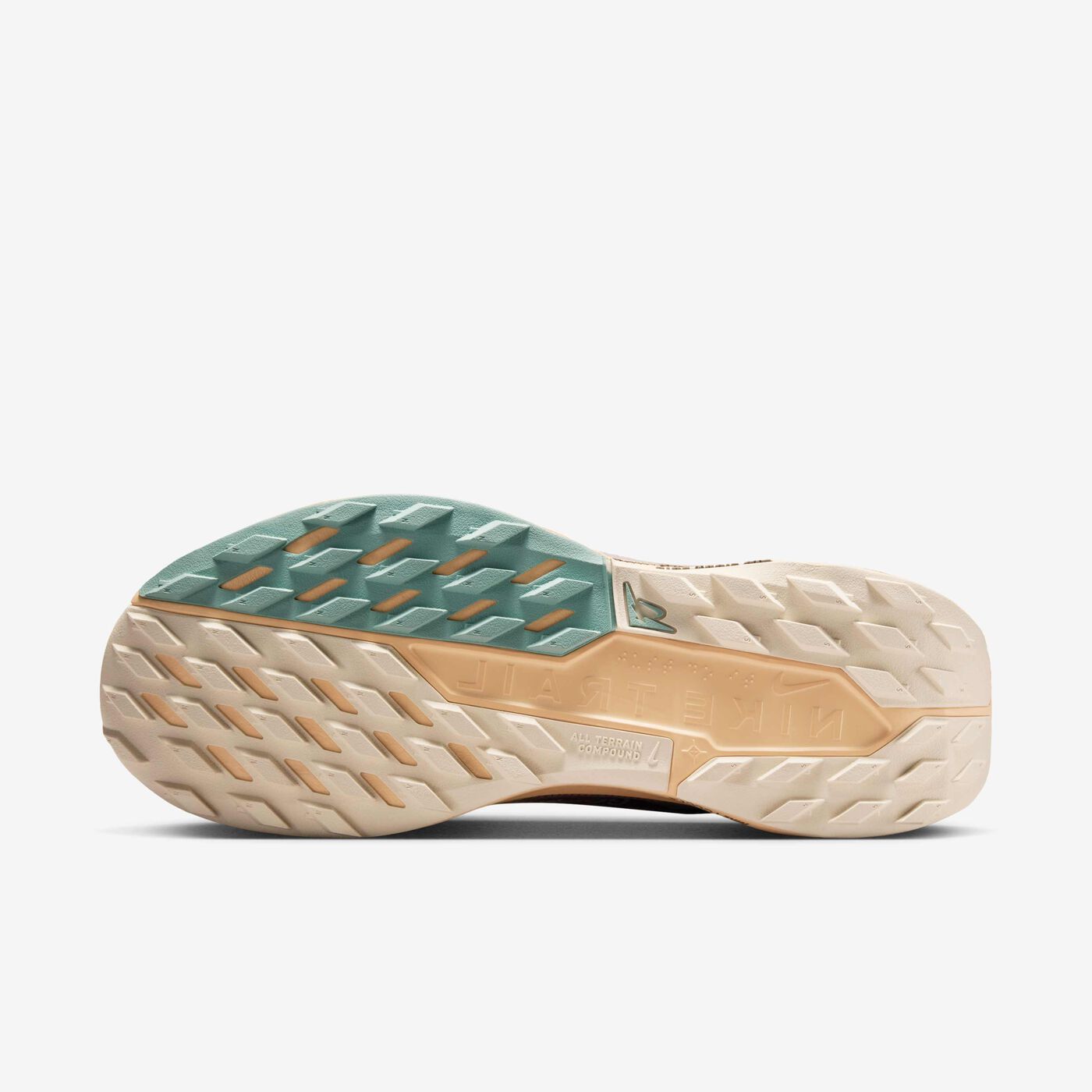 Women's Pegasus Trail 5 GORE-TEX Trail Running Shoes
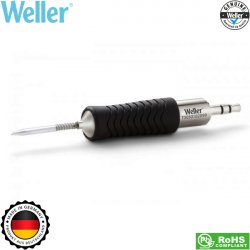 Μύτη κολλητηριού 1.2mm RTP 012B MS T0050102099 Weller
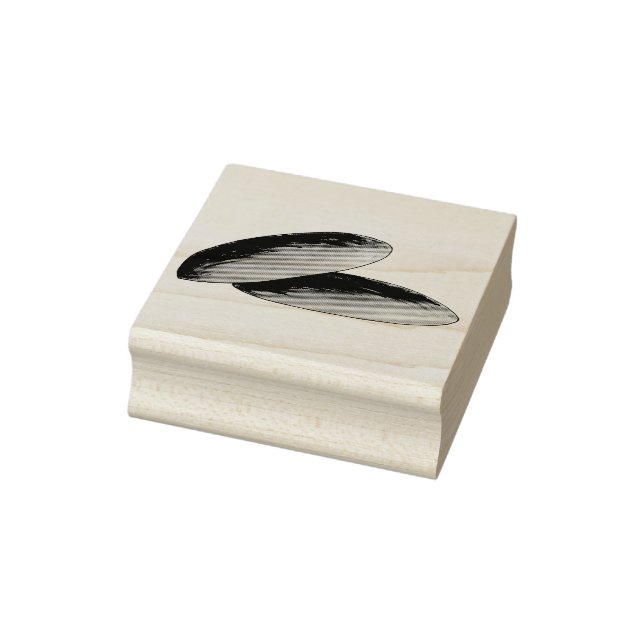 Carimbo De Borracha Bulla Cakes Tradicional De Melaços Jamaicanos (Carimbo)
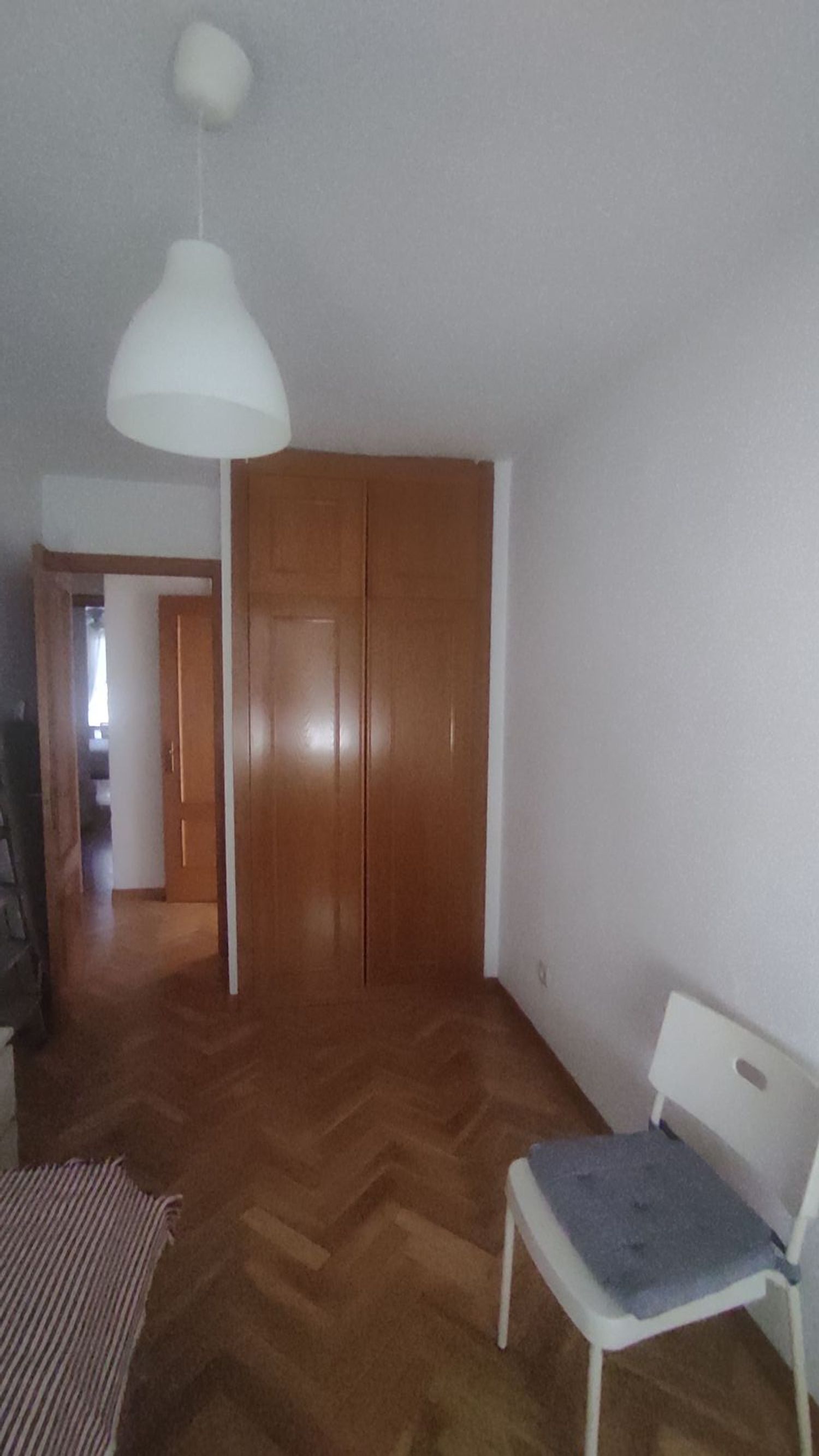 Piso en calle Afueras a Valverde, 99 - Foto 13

★ ★ ★ ★ ★ ★ ★

§ **Problem**
When an image appears in the data, skip it and output the rest exactly.

§ **Response**
 Women's Pegasus Trail 5 GORE-TEX Trail Running Shoes
 Μύτη κολλητηριού 1.2mm RTP 012B MS T0050102099 Weller
 Carimbo De Borracha Bulla Cakes Tradicional De Melaços Jamaicanos (Carimbo)
 Piso en calle Afueras a Valverde, 99 - Foto 13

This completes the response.